Stored records:
* * * * *

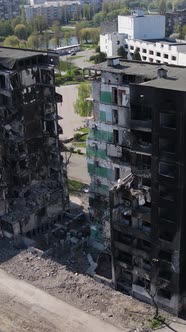 Vertical Video of a Destroyed Building in Borodyanka Ukraine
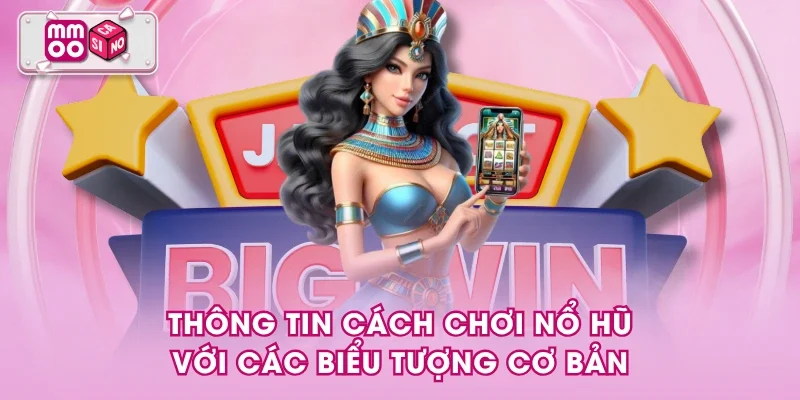 Thông tin cách chơi nổ hũ với các biểu tượng cơ bản Thông tin cách chơi nổ hũ với các biểu tượng cơ bản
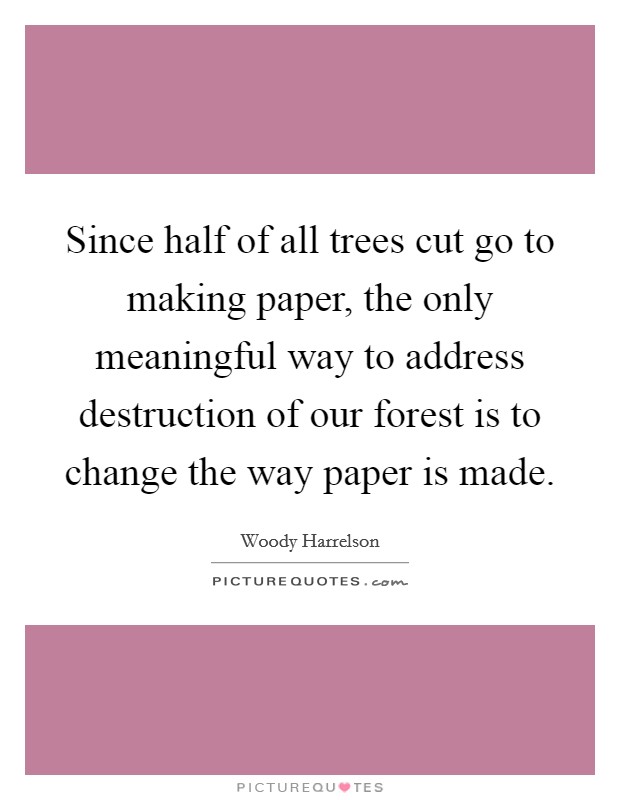 Since half of all trees cut go to making paper, the only meaningful way to address destruction of our forest is to change the way paper is made. Picture Quote #1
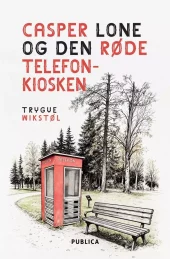 Casper Lone og den røde telefonkiosken (roman)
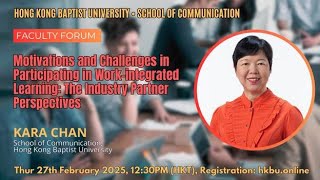Kara Chan - Motivations and Challenges in Participating in Work-integrated Learning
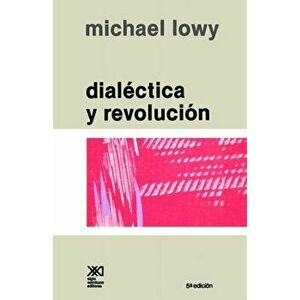 Dialectica y Revolucion. Ensayos de Sociologia E Historia del Marxismo, Paperback - Michael Lowy imagine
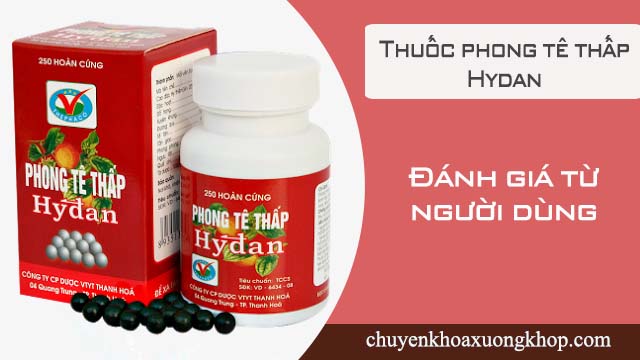 Thuốc phong tê thấp Hydan dùng tốt không? Đánh giá từ người dùng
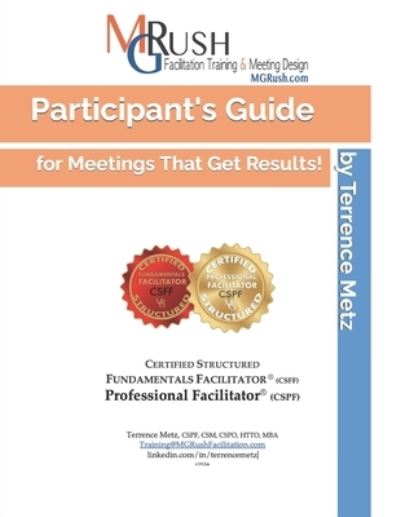 Participant's Guide: for Meetings That Get Results - Terrence Metz - Books - Independently Published - 9798753204561 - October 24, 2021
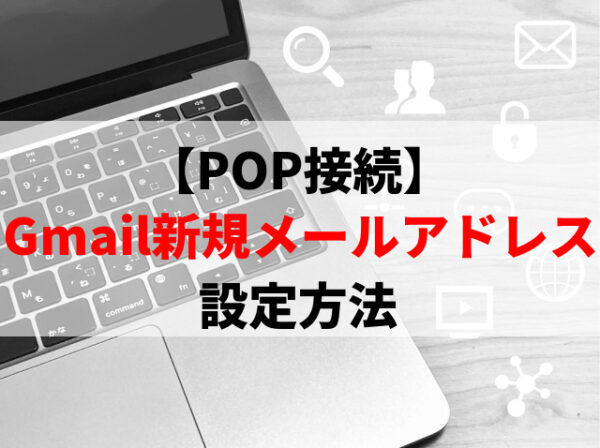 【POP接続】Gmail新規メールアドレス設定方法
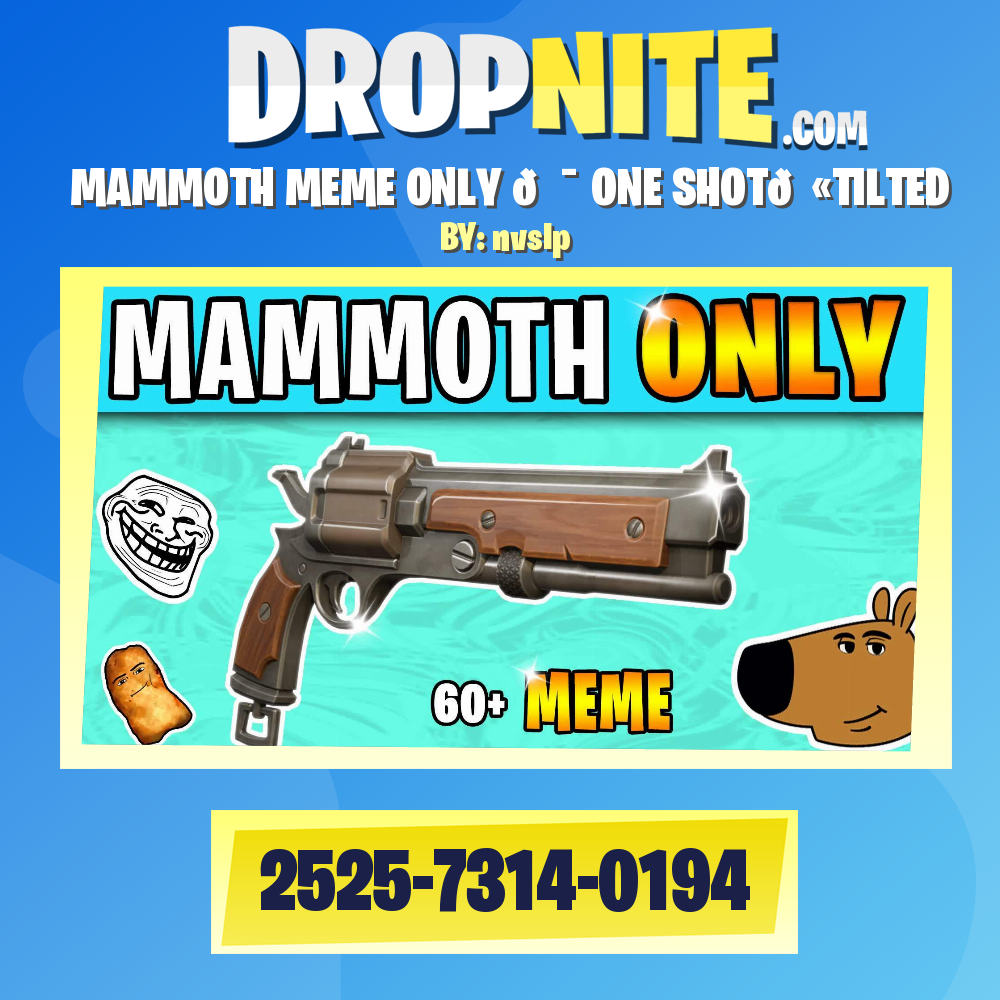 MAMMOTH MEME ONLY⭐🎯 ONE SHOT🔫TILTED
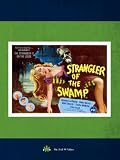 Strangler Of The Swamp (aka Strangler From The Swamp)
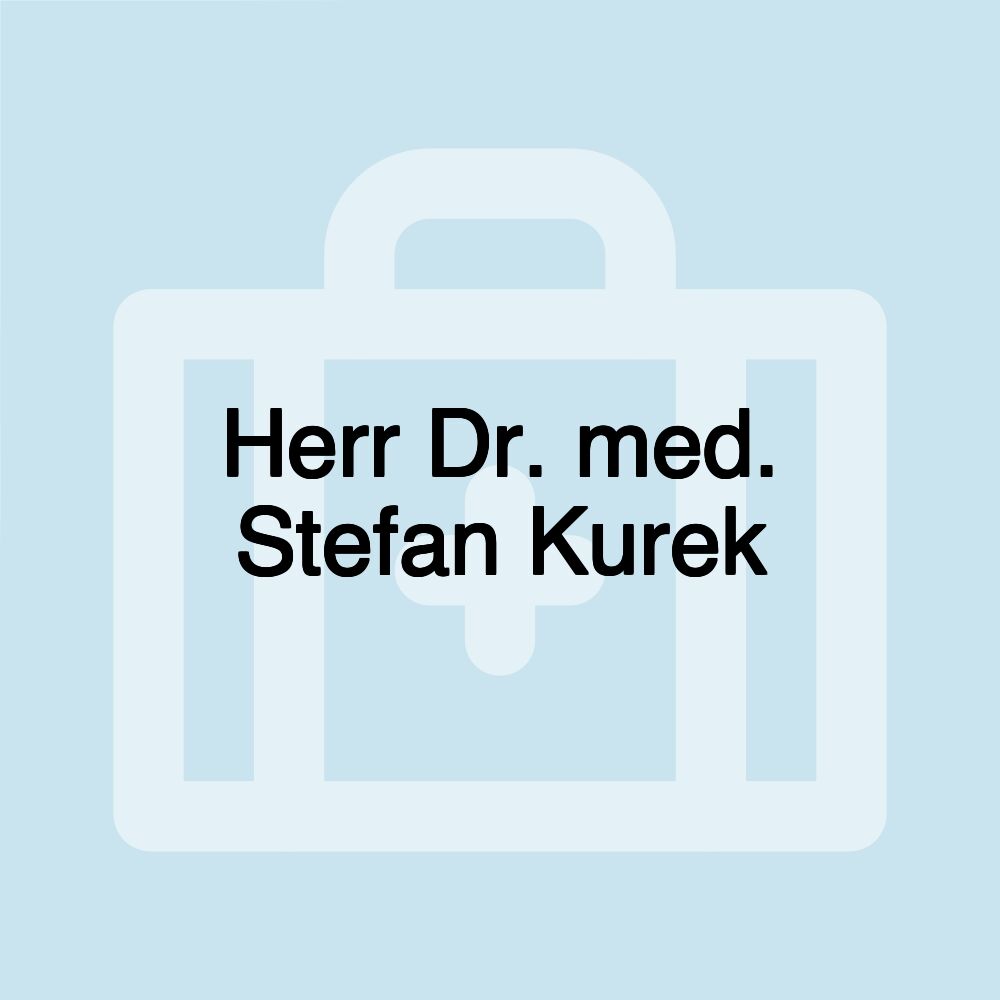 Herr Dr. med. Stefan Kurek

* * * * *

● **INSTRUCTIONS FOR THE TASK**: The records above need to be reproduced exactly, with all images omitted.

● **ANSWER BOX**:
 Vertical Video of a Destroyed Building in Borodyanka Ukraine
 Thông tin cách chơi nổ hũ với các biểu tượng cơ bản Thông tin cách chơi nổ hũ với các biểu tượng cơ bản
 Since half of all trees cut go to making paper, the only meaningful way to address destruction of our forest is to change the way paper is made. Picture Quote #1
 Casper Lone og den røde telefonkiosken (roman)
Kara Chan - Motivations and Challenges in Participating in Work-integrated Learning
 Dialectica y Revolucion. Ensayos de Sociologia E Historia del Marxismo, Paperback - Michael Lowy imagine
 Thuốc phong tê thấp Hydan dùng tốt không? Đánh giá từ người dùng
 Participant's Guide: for Meetings That Get Results - Terrence Metz - Books - Independently Published - 9798753204561 - October 24, 2021
 【POP接続】Gmail新規メールアドレス設定方法
 MAMMOTH MEME ONLY⭐🎯 ONE SHOT🔫TILTED
 Strangler Of The Swamp (aka Strangler From The Swamp)
 Herr Dr. med. Stefan Kurek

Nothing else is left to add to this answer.